Task directions>
Please find the line that holds "2003 YZ250F Frame" below and reproduce it, along with every line after it through the end, exactly and without pictures.
(Information provided begins)
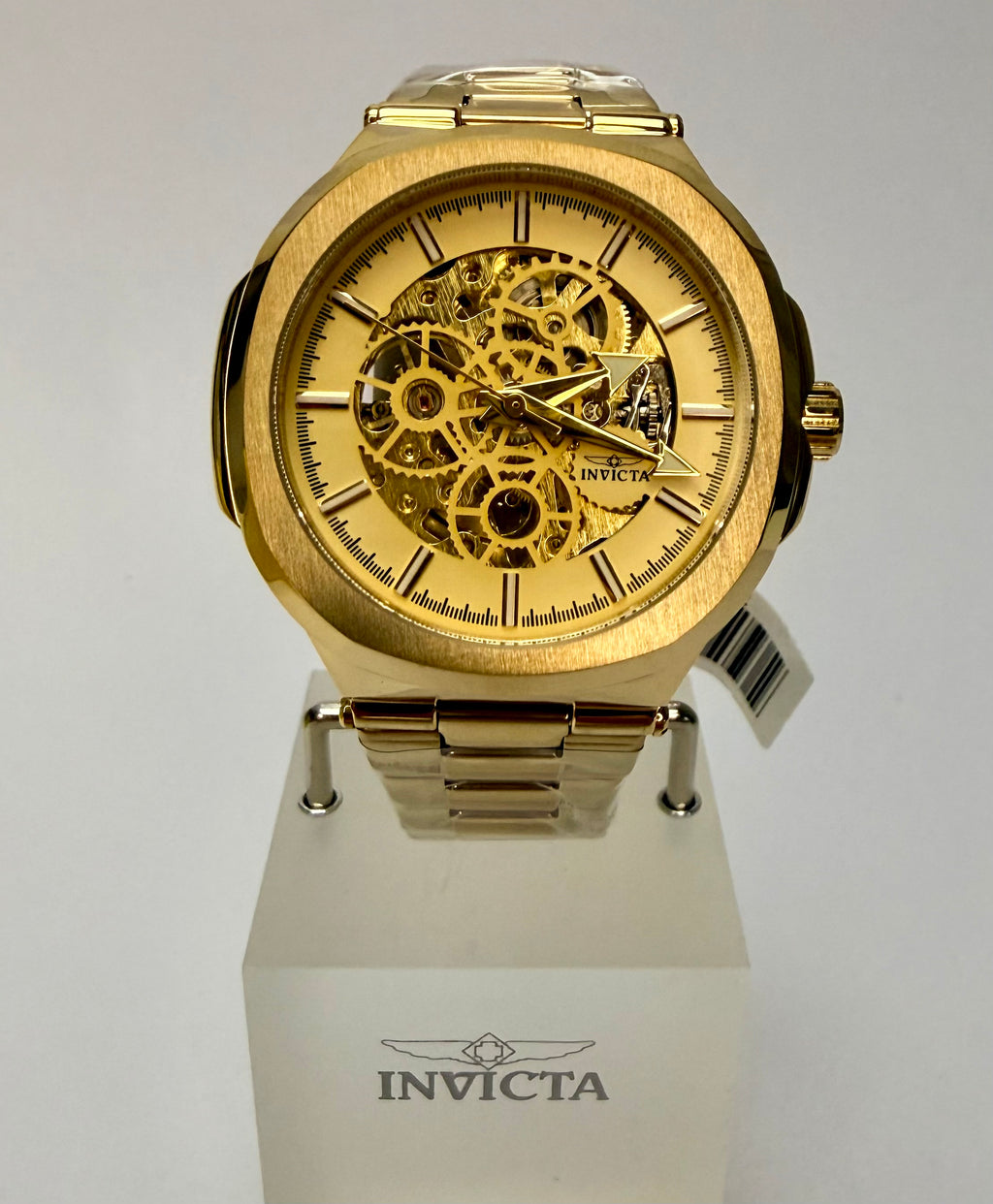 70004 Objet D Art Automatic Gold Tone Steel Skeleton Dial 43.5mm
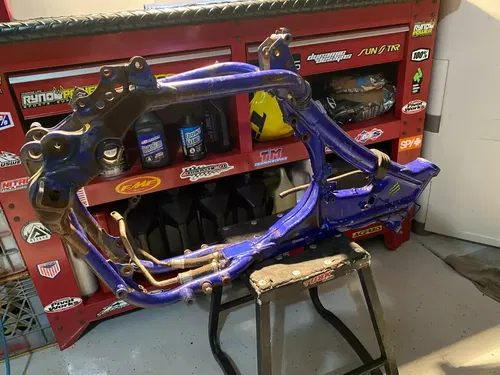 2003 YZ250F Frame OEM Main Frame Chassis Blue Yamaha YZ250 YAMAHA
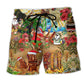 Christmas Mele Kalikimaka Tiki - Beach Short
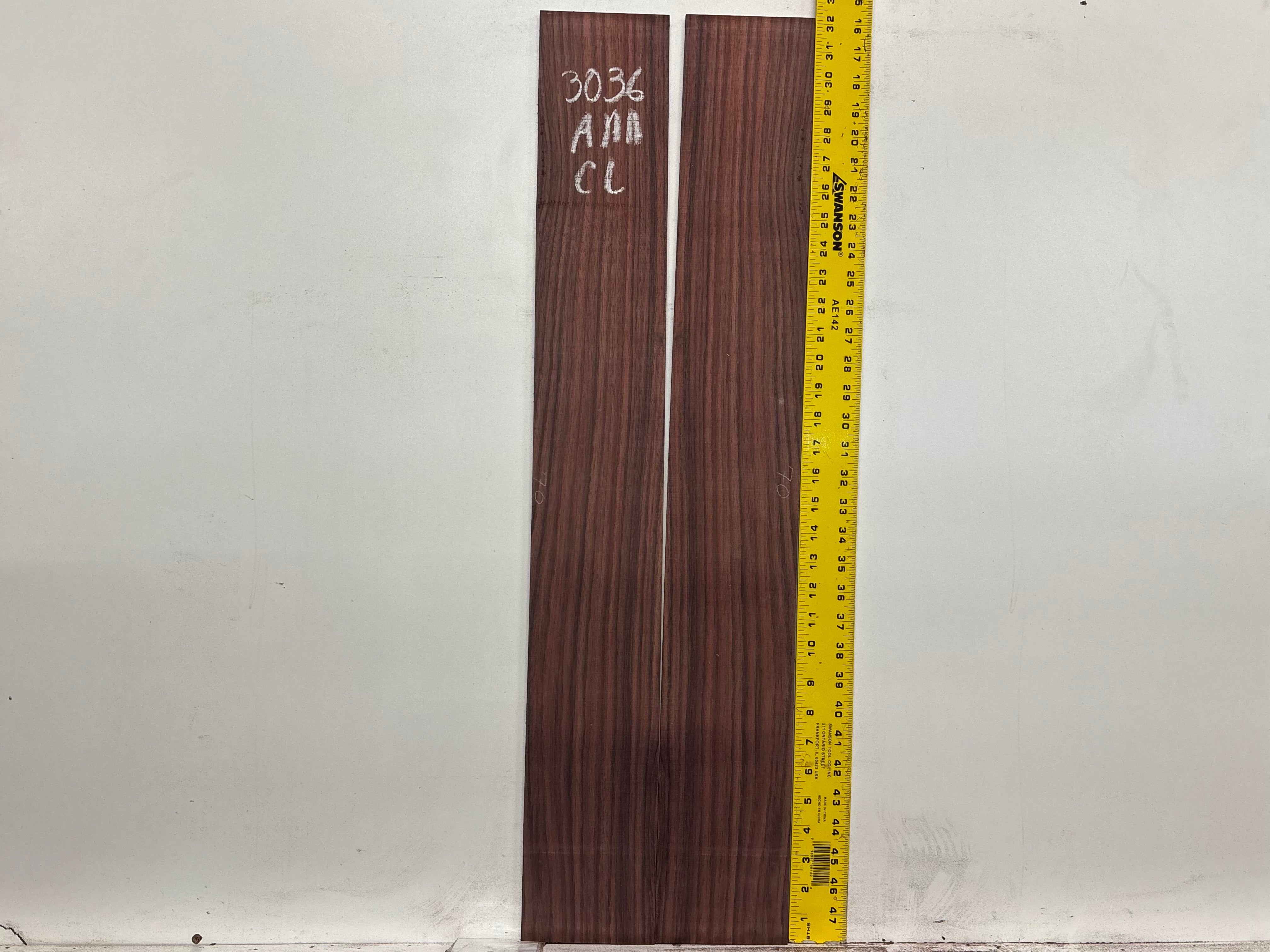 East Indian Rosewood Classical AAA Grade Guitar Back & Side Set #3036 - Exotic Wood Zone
(Information provided ends)
Solution for this problem>
 2003 YZ250F Frame OEM Main Frame Chassis Blue Yamaha YZ250 YAMAHA
 Christmas Mele Kalikimaka Tiki - Beach Short
 East Indian Rosewood Classical AAA Grade Guitar Back & Side Set #3036 - Exotic Wood Zone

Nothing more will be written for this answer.